What to Test – Part 2

Welcome to the latest edition of our new weekly blog series, What to Test. Each week, we will introduce a new test idea. We’ll explain why it’s important to test it, what you might learn, how to carry out the test, and what to measure in order to determine a winner. Last week we tested Button Color.

The Test = Form Fields

Why?

If you have a form on your site, the goal is get people to fill them out. Otherwise why would you have them?

Maybe they are lead generation forms, contact forms, email subscription forms, or actual checkout forms. Whatever they are, you want people to fill them out. For every person that views the form, some percentage of them will actually fill it out and submit it. Let’s call this your conversion rate.

So our goal in testing the form fields is to increase the conversion rate.

How?

In many cases, the sheer size of a form will affect the conversion rate.

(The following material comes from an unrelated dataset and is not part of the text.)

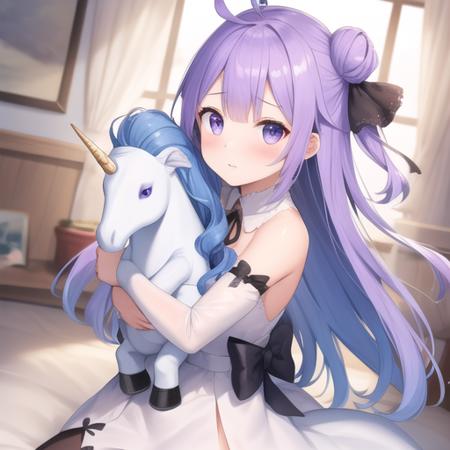 (masterpiece, best quality:1.2),illustration,8k,hd,1girl,solo,upper body,(portrait:1.2),stuffed toy,object hug,purple eyes,white dress,stuffed animal,purple hair,hair bun,stuffed winged unicorn,single hair bun,looking at viewer,ahoge,ribbon,one side up,detached sleeves,hair ribbon,white thighhighs,single side bun,bow,blush,black bow,bare shoulders,very long hair,bangs,black ribbon,<lora:Unicorn(azur)>,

So one test you can run would be to eliminate any unnecessary form fields and see how that impacts conversion rate. Fewer fields should mean more people filling it out.

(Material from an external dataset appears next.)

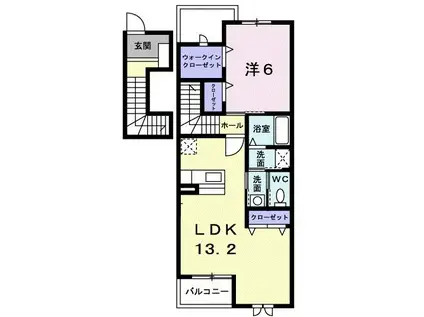 近鉄名古屋線 北楠駅 徒歩9分 2階建 築18年(1LDK/2階)の間取り写真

In addition, the nature of information you are asking for will affect whether or not people fill out the form. People are hesitant to put a lot of personal information into an online form. They are afraid of people stealing their information, or using it for something “spammy”. Again, limiting the amount of personal information you ask for should increase your conversion rate.

You can test this by creating two different versions of the page, one with the original form, and one with the trimmed down form. Send half of the people to one, and half to the other. And measure the percentage of people on each that submit the form.